──────── MATERIAL PROVIDED

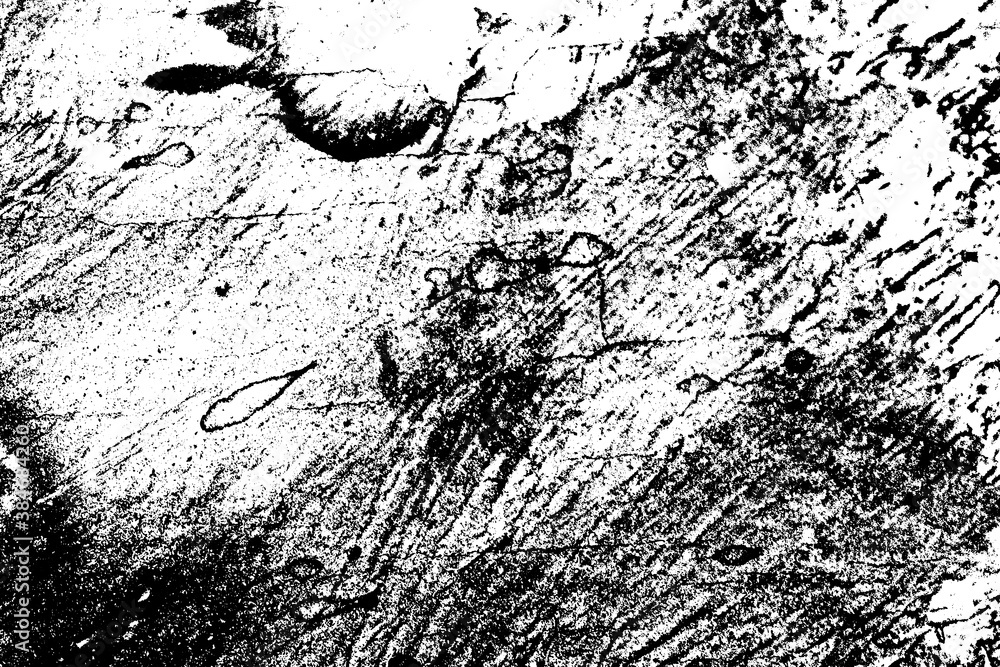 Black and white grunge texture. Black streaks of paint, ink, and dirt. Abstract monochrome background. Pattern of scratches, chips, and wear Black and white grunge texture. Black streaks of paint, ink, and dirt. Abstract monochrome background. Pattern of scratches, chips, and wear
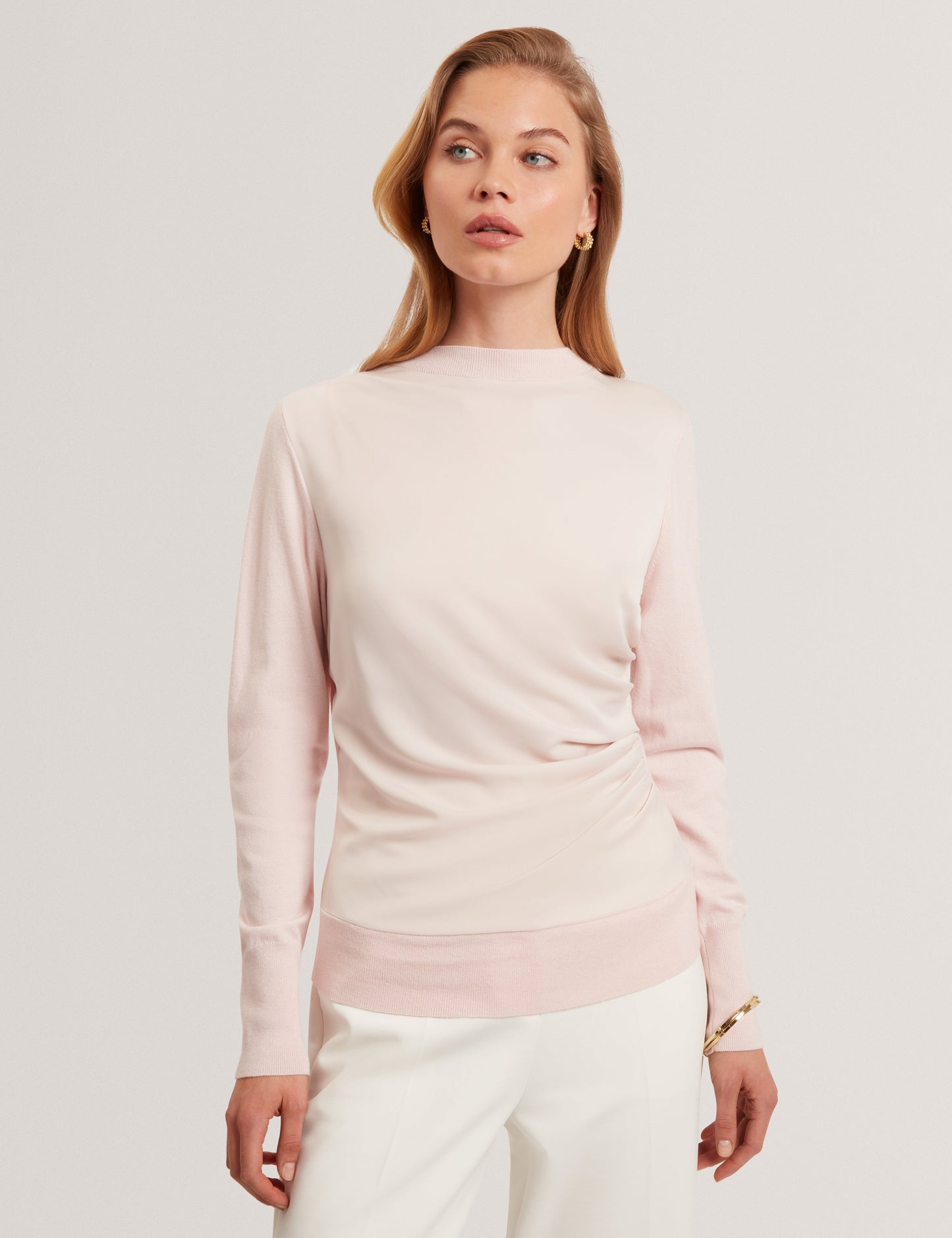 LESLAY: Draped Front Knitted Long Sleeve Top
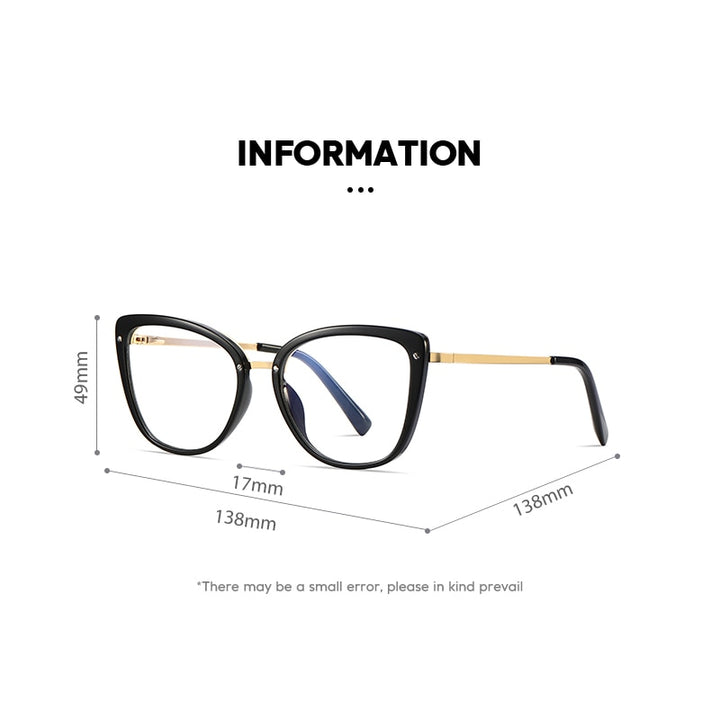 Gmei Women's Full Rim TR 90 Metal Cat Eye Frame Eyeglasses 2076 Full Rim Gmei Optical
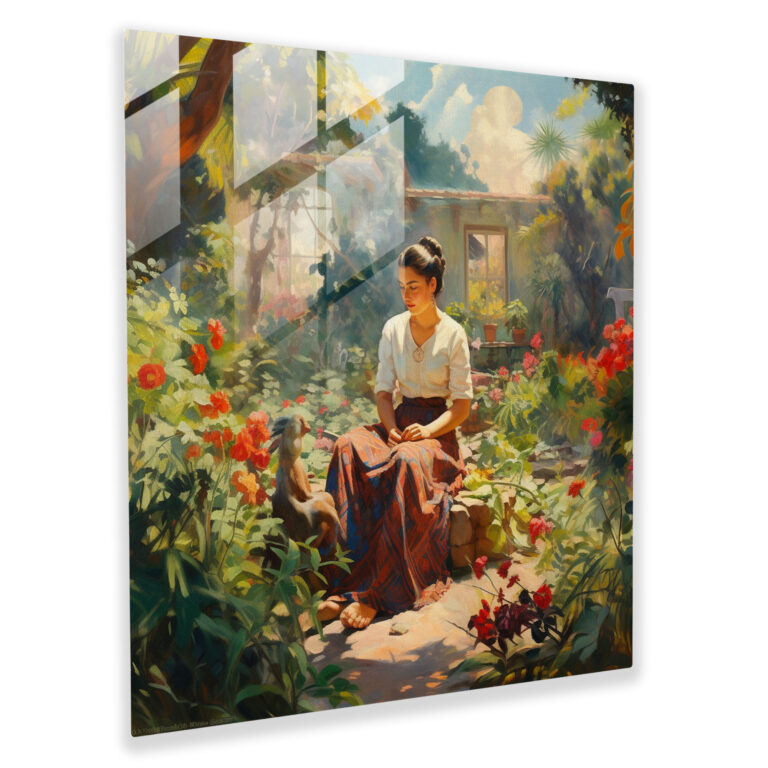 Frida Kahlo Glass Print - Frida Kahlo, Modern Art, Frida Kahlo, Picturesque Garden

────────────────

■ TO DO:
Please copy the data above word for word, but only from the line that contains "LESLAY: Draped Front Knitted Long Sleeve Top" through the final line, both included, and without the pictures.

■ RESULT FOR THIS EXERCISE:
 LESLAY: Draped Front Knitted Long Sleeve Top
 Gmei Women's Full Rim TR 90 Metal Cat Eye Frame Eyeglasses 2076 Full Rim Gmei Optical
 Frida Kahlo Glass Print - Frida Kahlo, Modern Art, Frida Kahlo, Picturesque Garden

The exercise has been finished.